From: "Gokulakannan Somasundaram" <gokul007(at)gmail(dot)com>
To: "Gregory Stark" <stark(at)enterprisedb(dot)com>, "pgsql-hackers list" <pgsql-hackers(at)postgresql(dot)org>
Subject: Re: Proposal for Null Bitmap Optimization(for Trailing NULLs)
Date: 2007-12-17 13:24:34
Message-ID: 9362e74e0712170524o43b1c5b4nbf9a4461e6b7e60c@mail.gmail.com
Views: Raw Message | Whole Thread | Download mbox | Resend email
Lists: pgsql-hackers pgsql-patches

Thanks. I agree with you.

--
Thanks,
Gokul.
CertoSQL Project,
Allied Solution Group.
(www.alliedgroups.com)


From: Andrew Dunstan <andrew(at)dunslane(dot)net>
To: Gregory Stark <stark(at)enterprisedb(dot)com>
Cc: Gokulakannan Somasundaram <gokul007(at)gmail(dot)com>, pgsql-hackers list <pgsql-hackers(at)postgresql(dot)org>
Subject: Re: Proposal for Null Bitmap Optimization(for Trailing NULLs)
Date: 2007-12-17 13:47:54
Message-ID: 47667E0A.4040008@dunslane.net
Views: Raw Message | Whole Thread | Download mbox | Resend email
Lists: pgsql-hackers pgsql-patches

Gregory Stark wrote:
> "Gokulakannan Somasundaram" <gokul007(at)gmail(dot)com> writes:
>
>
>> a) By modifying the functions, heap_form_tuple and heap_fill_tuple, we can
>> check whether all the nulls are trailing nulls. If all the nulls are
>> trailing nulls, then we will not set the has_null flag and we will not have
>> the null bitmap with the tuple.
>>
>
> I think that would work.
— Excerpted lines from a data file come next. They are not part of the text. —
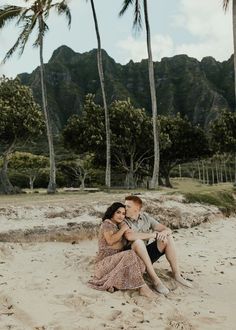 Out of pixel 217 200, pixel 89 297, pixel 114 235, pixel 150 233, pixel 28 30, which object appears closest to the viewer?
pixel 89 297

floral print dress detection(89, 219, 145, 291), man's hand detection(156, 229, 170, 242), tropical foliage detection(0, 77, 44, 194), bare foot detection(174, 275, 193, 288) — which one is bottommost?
bare foot detection(174, 275, 193, 288)

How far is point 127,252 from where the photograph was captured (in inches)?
301

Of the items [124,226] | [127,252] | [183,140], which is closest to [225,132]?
[183,140]

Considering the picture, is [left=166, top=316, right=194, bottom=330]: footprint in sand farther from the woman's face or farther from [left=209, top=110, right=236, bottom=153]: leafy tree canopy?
[left=209, top=110, right=236, bottom=153]: leafy tree canopy

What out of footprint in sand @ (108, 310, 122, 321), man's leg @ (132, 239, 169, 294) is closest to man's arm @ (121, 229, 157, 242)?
man's leg @ (132, 239, 169, 294)

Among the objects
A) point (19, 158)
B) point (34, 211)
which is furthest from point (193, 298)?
point (19, 158)

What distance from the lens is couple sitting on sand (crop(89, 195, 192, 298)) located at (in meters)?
7.55

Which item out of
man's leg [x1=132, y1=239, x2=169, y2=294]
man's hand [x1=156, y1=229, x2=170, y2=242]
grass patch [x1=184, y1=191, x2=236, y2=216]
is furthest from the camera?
grass patch [x1=184, y1=191, x2=236, y2=216]

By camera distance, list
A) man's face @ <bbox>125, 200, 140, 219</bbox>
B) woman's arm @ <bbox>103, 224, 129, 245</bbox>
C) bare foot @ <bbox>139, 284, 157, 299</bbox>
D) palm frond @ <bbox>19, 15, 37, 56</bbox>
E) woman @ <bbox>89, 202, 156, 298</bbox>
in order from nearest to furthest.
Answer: bare foot @ <bbox>139, 284, 157, 299</bbox>, woman @ <bbox>89, 202, 156, 298</bbox>, woman's arm @ <bbox>103, 224, 129, 245</bbox>, man's face @ <bbox>125, 200, 140, 219</bbox>, palm frond @ <bbox>19, 15, 37, 56</bbox>

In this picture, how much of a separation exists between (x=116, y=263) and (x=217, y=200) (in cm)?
1187

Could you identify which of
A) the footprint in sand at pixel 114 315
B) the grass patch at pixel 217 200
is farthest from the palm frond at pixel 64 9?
the footprint in sand at pixel 114 315

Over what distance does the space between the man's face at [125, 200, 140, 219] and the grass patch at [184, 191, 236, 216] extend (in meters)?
9.26

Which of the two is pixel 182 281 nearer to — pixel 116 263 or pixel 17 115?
pixel 116 263

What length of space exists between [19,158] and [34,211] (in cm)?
6708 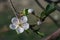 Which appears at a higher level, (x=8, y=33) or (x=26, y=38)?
(x=8, y=33)

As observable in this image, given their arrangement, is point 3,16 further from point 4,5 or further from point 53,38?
point 53,38

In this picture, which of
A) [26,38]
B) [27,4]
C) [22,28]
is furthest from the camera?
[27,4]

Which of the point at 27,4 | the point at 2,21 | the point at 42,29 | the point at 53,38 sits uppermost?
the point at 27,4

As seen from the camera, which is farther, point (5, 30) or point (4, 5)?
point (4, 5)

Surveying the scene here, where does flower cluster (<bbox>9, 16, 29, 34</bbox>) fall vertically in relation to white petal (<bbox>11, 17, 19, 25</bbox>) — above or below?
below

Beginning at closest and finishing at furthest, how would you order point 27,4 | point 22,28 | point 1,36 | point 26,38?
point 22,28 → point 26,38 → point 1,36 → point 27,4

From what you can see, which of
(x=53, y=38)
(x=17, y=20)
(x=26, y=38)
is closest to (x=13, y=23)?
(x=17, y=20)

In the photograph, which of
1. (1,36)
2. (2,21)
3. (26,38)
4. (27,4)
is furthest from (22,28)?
(27,4)

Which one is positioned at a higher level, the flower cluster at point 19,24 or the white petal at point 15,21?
the white petal at point 15,21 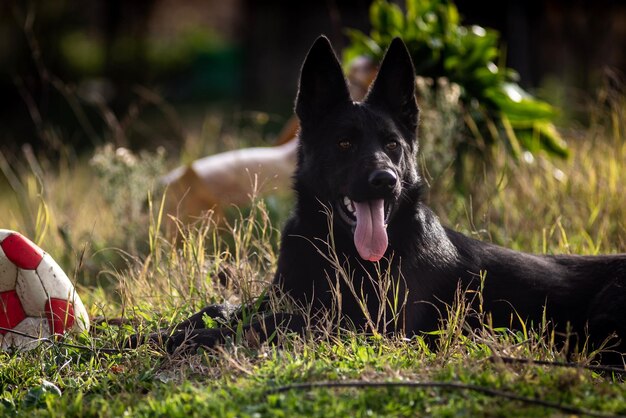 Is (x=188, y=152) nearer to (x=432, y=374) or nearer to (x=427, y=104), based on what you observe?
(x=427, y=104)

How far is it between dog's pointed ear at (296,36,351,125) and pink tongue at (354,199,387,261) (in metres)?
0.64

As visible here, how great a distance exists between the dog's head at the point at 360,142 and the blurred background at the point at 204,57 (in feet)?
26.1

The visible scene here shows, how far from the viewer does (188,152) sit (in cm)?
909

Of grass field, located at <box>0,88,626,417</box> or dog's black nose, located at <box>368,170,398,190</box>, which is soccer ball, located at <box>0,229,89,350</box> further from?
dog's black nose, located at <box>368,170,398,190</box>

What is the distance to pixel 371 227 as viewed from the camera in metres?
4.25

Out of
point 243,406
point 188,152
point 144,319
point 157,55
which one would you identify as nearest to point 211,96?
point 157,55

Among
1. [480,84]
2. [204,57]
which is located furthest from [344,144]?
[204,57]

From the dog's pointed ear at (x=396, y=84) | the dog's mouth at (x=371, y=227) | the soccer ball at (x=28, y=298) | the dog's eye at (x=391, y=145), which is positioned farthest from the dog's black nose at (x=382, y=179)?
the soccer ball at (x=28, y=298)

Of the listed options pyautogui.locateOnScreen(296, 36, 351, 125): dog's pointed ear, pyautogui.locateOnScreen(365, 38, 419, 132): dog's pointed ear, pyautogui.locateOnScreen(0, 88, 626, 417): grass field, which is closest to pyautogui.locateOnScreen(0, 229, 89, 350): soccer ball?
pyautogui.locateOnScreen(0, 88, 626, 417): grass field

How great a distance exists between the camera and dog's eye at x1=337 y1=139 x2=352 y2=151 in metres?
4.42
The only question is whether it's worth bothering
> since we would have to check it on every heap_form_tuple.
>
This strikes me as such a corner case that it's likely not to be worth it.
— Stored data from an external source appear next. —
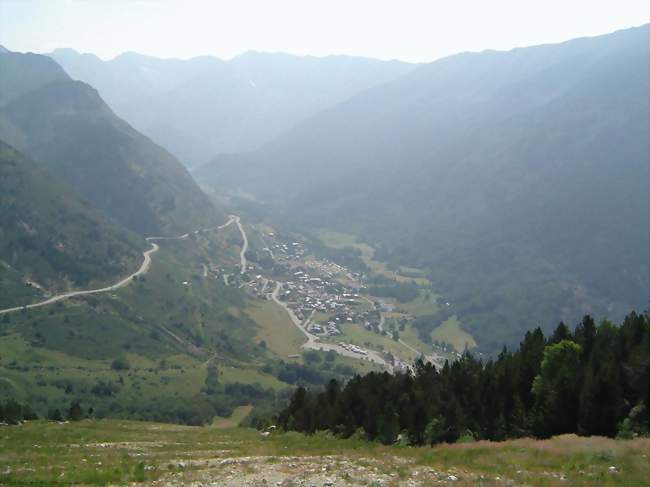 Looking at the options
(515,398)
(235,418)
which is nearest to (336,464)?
(515,398)

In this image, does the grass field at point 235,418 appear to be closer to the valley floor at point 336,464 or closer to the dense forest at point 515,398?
the dense forest at point 515,398

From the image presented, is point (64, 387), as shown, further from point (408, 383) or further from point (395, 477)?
point (395, 477)

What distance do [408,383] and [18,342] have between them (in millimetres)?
181798

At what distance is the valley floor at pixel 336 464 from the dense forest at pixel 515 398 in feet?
18.8

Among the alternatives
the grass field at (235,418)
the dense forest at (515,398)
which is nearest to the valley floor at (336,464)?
the dense forest at (515,398)

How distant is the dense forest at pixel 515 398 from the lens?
47281mm

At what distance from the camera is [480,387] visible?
59781 mm

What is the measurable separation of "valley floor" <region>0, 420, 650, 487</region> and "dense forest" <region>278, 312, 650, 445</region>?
18.8 feet

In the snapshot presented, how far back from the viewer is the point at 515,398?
55.0 metres

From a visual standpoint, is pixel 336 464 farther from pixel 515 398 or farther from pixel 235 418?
pixel 235 418

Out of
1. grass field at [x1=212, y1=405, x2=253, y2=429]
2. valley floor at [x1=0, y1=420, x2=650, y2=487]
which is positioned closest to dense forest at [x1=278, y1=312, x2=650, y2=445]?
valley floor at [x1=0, y1=420, x2=650, y2=487]

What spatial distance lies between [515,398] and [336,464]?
1009 inches

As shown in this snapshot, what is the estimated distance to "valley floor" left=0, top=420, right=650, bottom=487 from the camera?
104ft

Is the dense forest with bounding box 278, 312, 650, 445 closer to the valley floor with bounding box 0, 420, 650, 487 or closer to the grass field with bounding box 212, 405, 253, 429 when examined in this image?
the valley floor with bounding box 0, 420, 650, 487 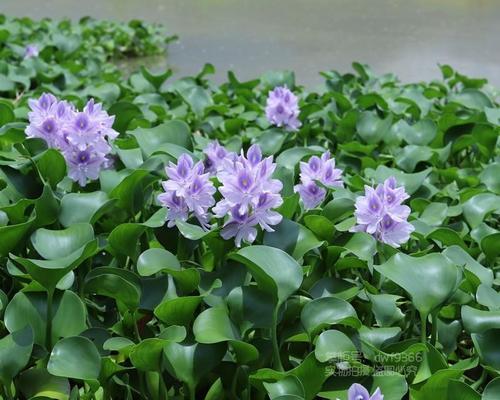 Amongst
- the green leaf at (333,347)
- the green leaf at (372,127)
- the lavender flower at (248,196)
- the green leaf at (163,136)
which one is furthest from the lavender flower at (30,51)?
Result: the green leaf at (333,347)

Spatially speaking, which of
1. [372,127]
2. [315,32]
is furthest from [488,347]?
[315,32]

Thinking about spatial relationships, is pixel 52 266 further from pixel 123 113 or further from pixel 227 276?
pixel 123 113

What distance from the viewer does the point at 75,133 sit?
1.92 meters

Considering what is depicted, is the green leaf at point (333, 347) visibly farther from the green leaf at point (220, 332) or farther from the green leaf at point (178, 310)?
the green leaf at point (178, 310)

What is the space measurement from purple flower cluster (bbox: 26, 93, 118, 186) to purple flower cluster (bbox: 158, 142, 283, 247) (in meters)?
0.35

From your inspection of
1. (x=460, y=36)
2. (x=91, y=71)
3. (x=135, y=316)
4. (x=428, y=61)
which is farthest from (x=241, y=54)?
(x=135, y=316)

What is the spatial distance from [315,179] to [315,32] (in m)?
6.01

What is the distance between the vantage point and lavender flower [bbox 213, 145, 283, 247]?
1560 millimetres

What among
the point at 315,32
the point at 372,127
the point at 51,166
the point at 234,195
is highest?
the point at 234,195

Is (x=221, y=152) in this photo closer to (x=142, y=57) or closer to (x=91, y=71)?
(x=91, y=71)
If you really want to save space along these lines, one better place to
start might be mutable with column ordering - see
http://archives.postgresql.org/pgsql-hackers/2006-12/msg00983.php . That
would mean that we would be able to move nullable columns physically to
the tail which in turn might help this suggestion have more effect.

cheers

andrew


From: Simon Riggs <simon(at)2ndquadrant(dot)com>
To: Andrew Dunstan <andrew(at)dunslane(dot)net>
Cc: Gregory Stark <stark(at)enterprisedb(dot)com>, Gokulakannan Somasundaram <gokul007(at)gmail(dot)com>, pgsql-hackers list <pgsql-hackers(at)postgresql(dot)org>
Subject: Re: Proposal for Null Bitmap Optimization(for Trailing NULLs)
Date: 2007-12-17 14:12:57
Message-ID: 1197900777.12912.110.camel@ebony.site
Views: Raw Message | Whole Thread | Download mbox | Resend email
Lists: pgsql-hackers pgsql-patches

On Mon, 2007-12-17 at 08:47 -0500, Andrew Dunstan wrote:

> This strikes me as such a corner case that it's likely not to be worth it.
>
> If you really want to save space along these lines, one better place to
> start might be mutable with column ordering - see
> http://archives.postgresql.org/pgsql-hackers/2006-12/msg00983.php . That
> would mean that we would be able to move nullable columns physically to
> the tail which in turn might help this suggestion have more effect.

Could be a good idea.

Currently on a 64-bit system we occupy 23 bytes for row header, so any
table with more than 8 columns will cause the null bitmap to overflow
and for us to use another 8 bytes.

OP's idea could avoid that in many cases, so the saving isn't 1 byte it
is fairly frequently going to be an 8 byte saving.

--
Simon Riggs
2ndQuadrant http://www.2ndQuadrant.com


From: Gregory Stark <stark(at)enterprisedb(dot)com>
To: "Simon Riggs" <simon(at)2ndquadrant(dot)com>
Cc: "Andrew Dunstan" <andrew(at)dunslane(dot)net>, "Gokulakannan Somasundaram" <gokul007(at)gmail(dot)com>, "pgsql-hackers list" <pgsql-hackers(at)postgresql(dot)org>
Subject: Re: Proposal for Null Bitmap Optimization(for TrailingNULLs)
Date: 2007-12-17 14:52:59
Message-ID: 87r6hlnzjo.fsf@oxford.xeocode.com
Views: Raw Message | Whole Thread | Download mbox | Resend email
Lists: pgsql-hackers pgsql-patches


"Simon Riggs" <simon(at)2ndquadrant(dot)com> writes:

> On Mon, 2007-12-17 at 08:47 -0500, Andrew Dunstan wrote:
>
>> This strikes me as such a corner case that it's likely not to be worth it.
>>
>> If you really want to save space along these lines, one better place to
>> start might be mutable with column ordering - see
>> http://archives.postgresql.org/pgsql-hackers/2006-12/msg00983.php . That
>> would mean that we would be able to move nullable columns physically to
>> the tail which in turn might help this suggestion have more effect.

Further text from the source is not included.